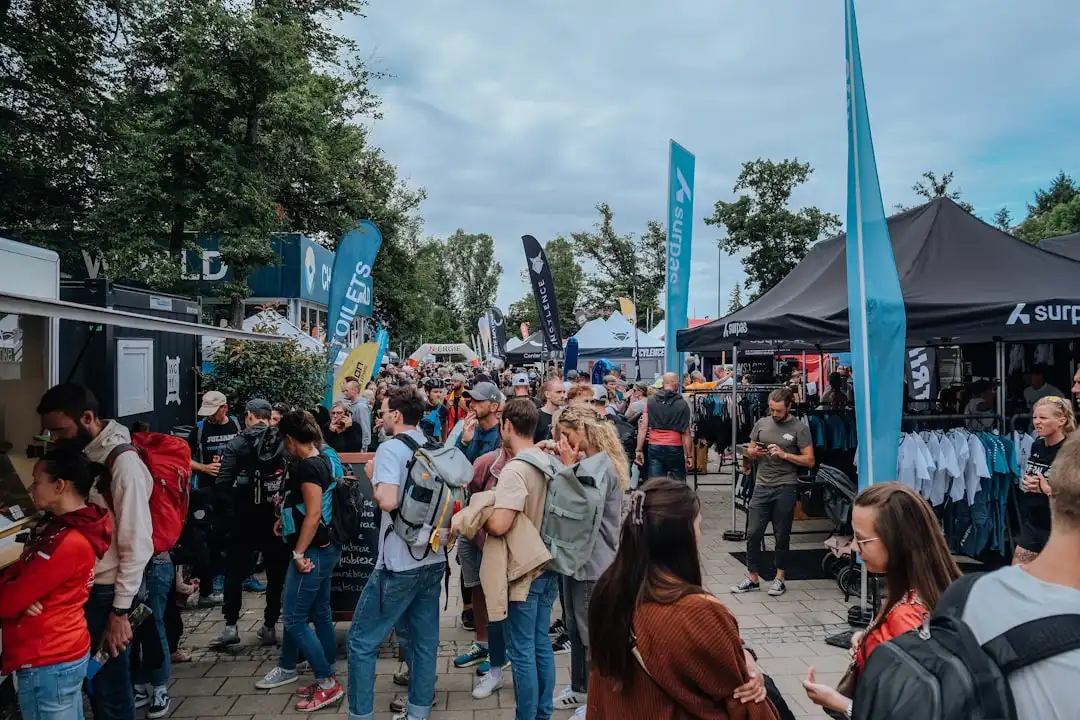 海口胜雅电广告活动执行方案对比：品牌推广与市场活动的差异化设计正文配图 2
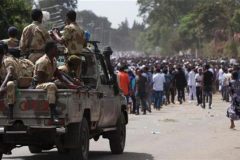 Ethiopia’s violence kills civilians, displaces thousands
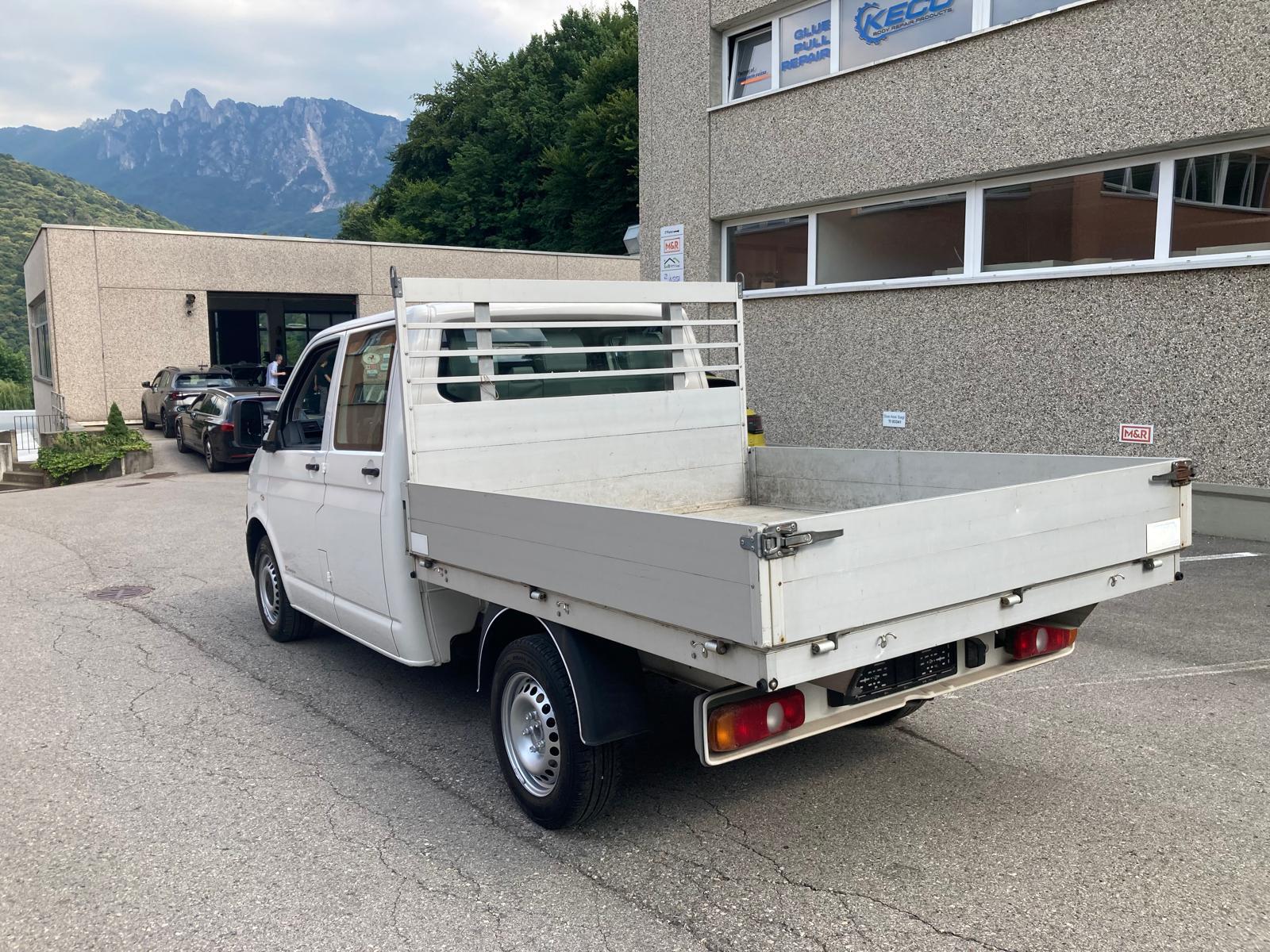 VW T5 2.0 TDI Champion-image-3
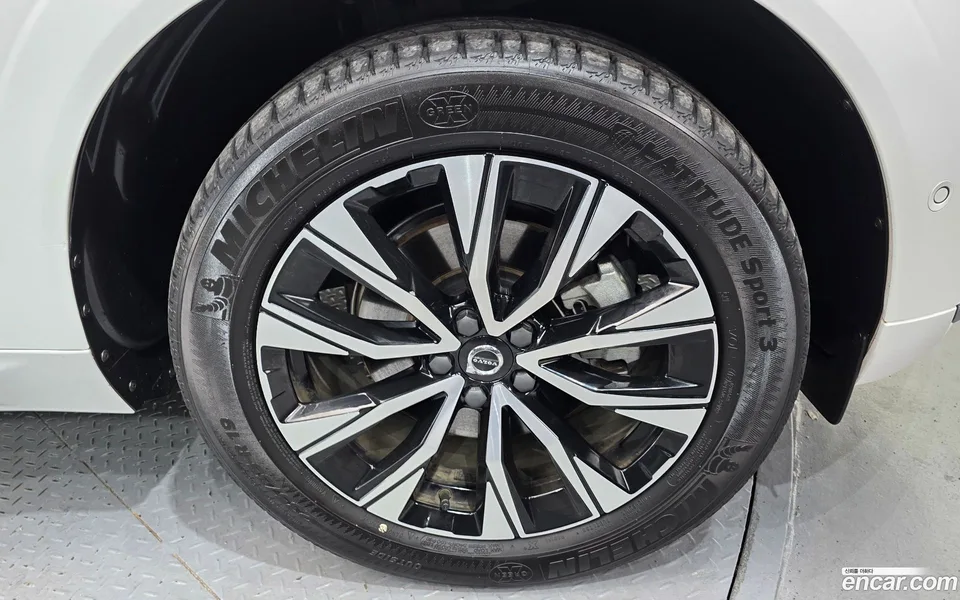 Volvo XC60 B5 2023 — миниатюра 2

----------------

=== What this task involves ===
Each line above is to be copied verbatim. Drop any image from the copy.

=== Result ===
 海口胜雅电广告活动执行方案对比：品牌推广与市场活动的差异化设计正文配图 2
 Ethiopia’s violence kills civilians, displaces thousands
 VW T5 2.0 TDI Champion-image-3
 Volvo XC60 B5 2023 — миниатюра 2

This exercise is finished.